What would be the equivalent of a fly-by-wire Airbus in the toolbelt of an air traffic controller?
AI could improve ATC performance by managing “shallow work.”
Cal Newport defines shallow work as “non-cognitively demanding, logistical-style tasks, often performed while distracted. These efforts tend not to create much new value in the world and are easy to replicate.” The human, therefore, would be more actively engaged in “deep work” or “professional activities performed in a state of distraction-free concentration that push your cognitive capabilities to their limit.”
Mihaly Csikszentmihalyi, the author of “Flow: The Psychology of Optimal Experience,” explores the “flow” state in which individuals are completely engaged with a task.
Once a controller executes a decision, they are invested in the outcome and have a mental model of what should happen next. It’s called having the picture.

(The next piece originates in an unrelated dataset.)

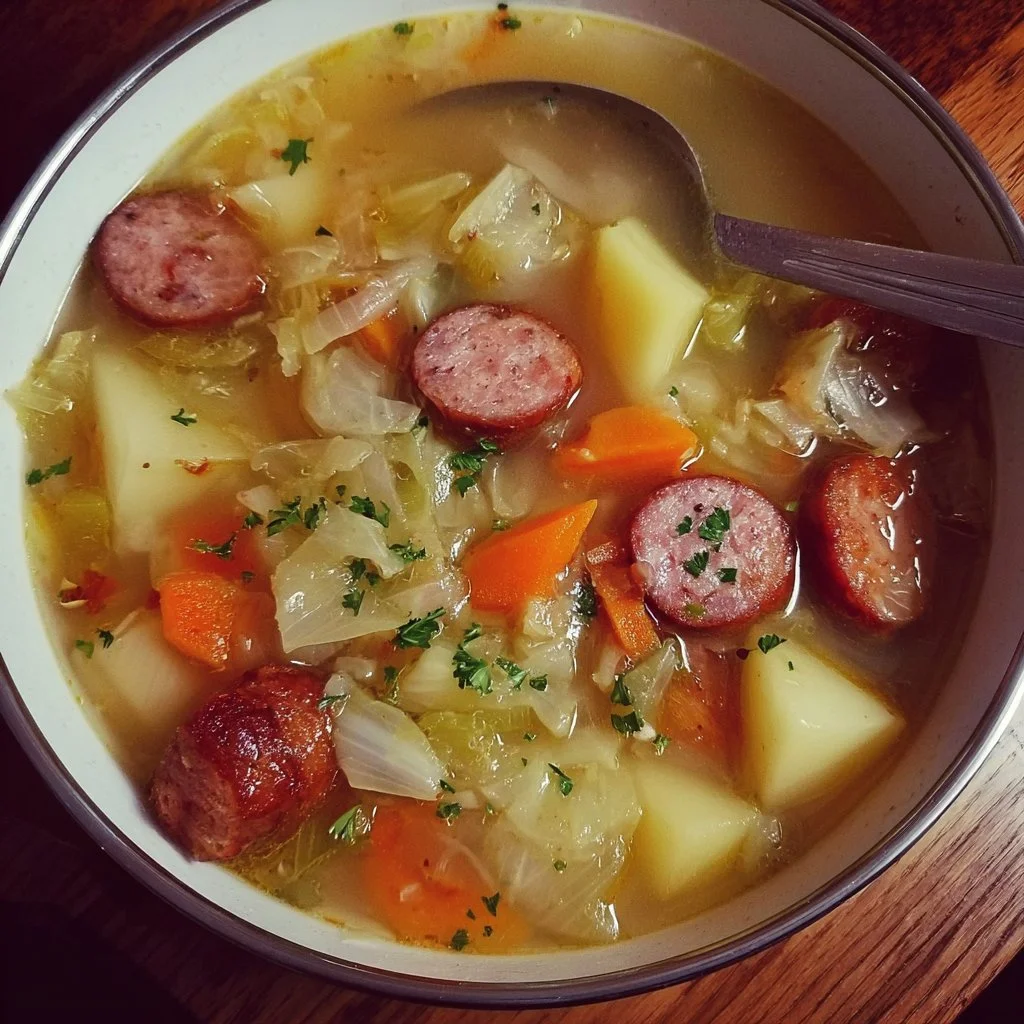 Bowl of Instant Pot cabbage sausage and potato soup garnished with herbs.
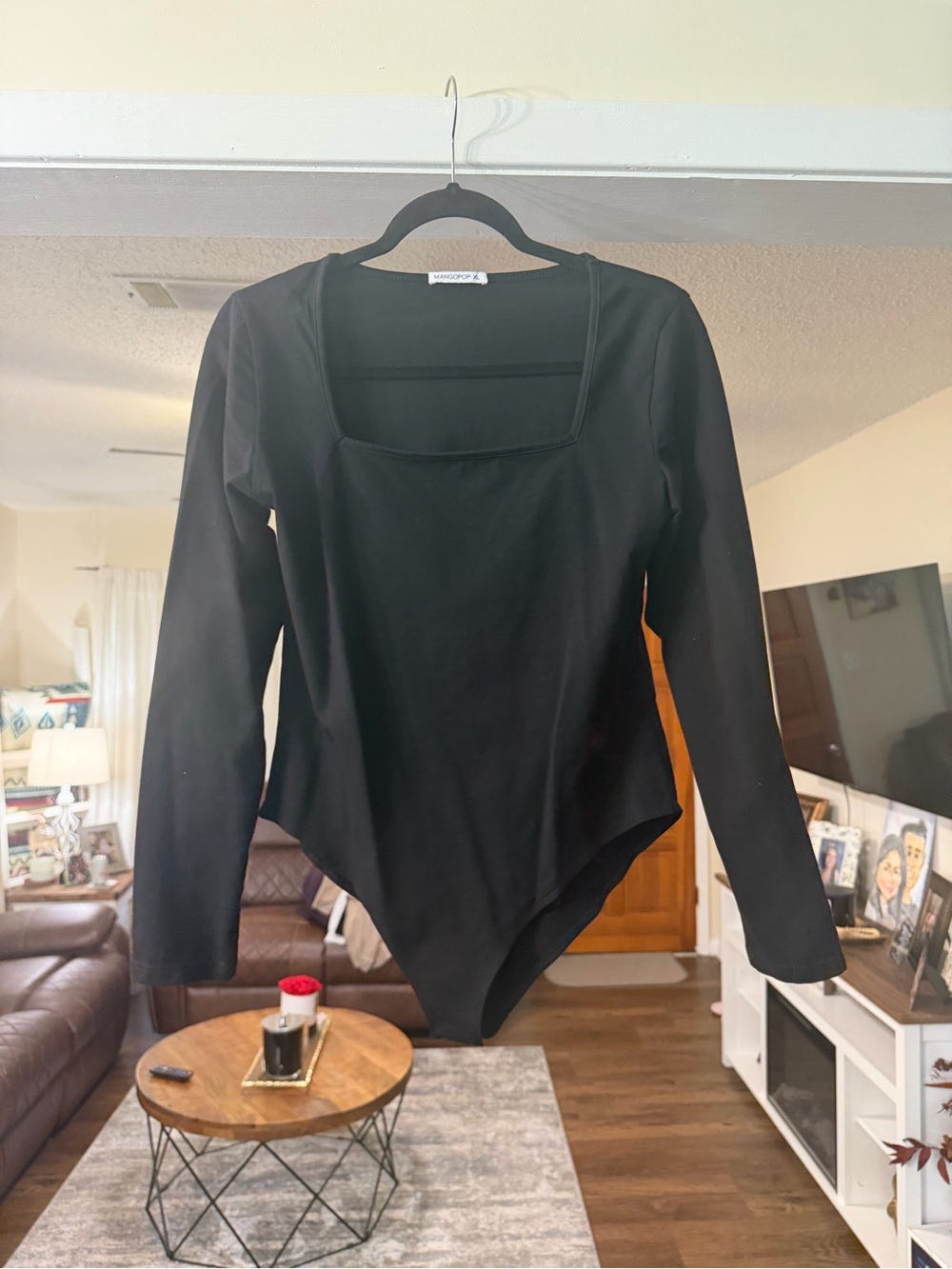 Black Square-Neck Long Sleeve Bodysuit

Keeping the picture and staying in the flow state would be more seamless if AI handled the bulk of the shallow work.
The Augmented Controller
Professor Annette Kluge believes that future work will involve cyber-physical systems. The “augmented operator” becomes an evaluative, decisive employee, who receives support from technical assistance systems and can cooperate seamlessly with robots. According to Kluge, it is not a question of AI displaying all existing data but of establishing connections between these data.
UK NATS is exploring work with “Intelligent Assistants,” which provide support for pilots and controllers to help speed up decision-making and improve on the quality of choices.
AIMEE, an AI-supported assistant developed by Ottawa’s Searidge Technologies, uses ultra-high definition cameras and digital processing software to identify when an aircraft has exited a runway, providing augmented and enhanced situational awareness to controllers in reduced-visibility scenarios.
If a machine can feed the essential data to the human for decision-making that human intuition might not necessarily pick up on, the augmented controller can become more efficient while applying uniquely human abilities. Not only should AI automate redundant tasks, allowing controllers to focus on their highest-value contributions, but the human can also assess more data and make intuitive decisions with refined information.
For example, AI augmentation could take the form of real-time wind and airspeed information, so a controller knows precisely the speed displayed in the cockpit without having to infer it from the groundspeed. It could also give the controller an idea of whether turning into the wind will slow down or speed up an aircraft during vector sequencing.
Automation has made aviation safer. Yet, it has made unusual situations even more unpredictable. The catastrophic failure of automation can happen when the AI processes input outside its normal range. There is yet to be a reliable way to sanitize data in real-time, which would prevent AI malfunction during abnormal events, which are commonplace in ATC. At times like these, human intervention is critical.
The game is indeed changing. As we move forward, the most critical questions will not centre on how many aircraft an AI can control, but rather how humans best interact with technology in their specialized environments.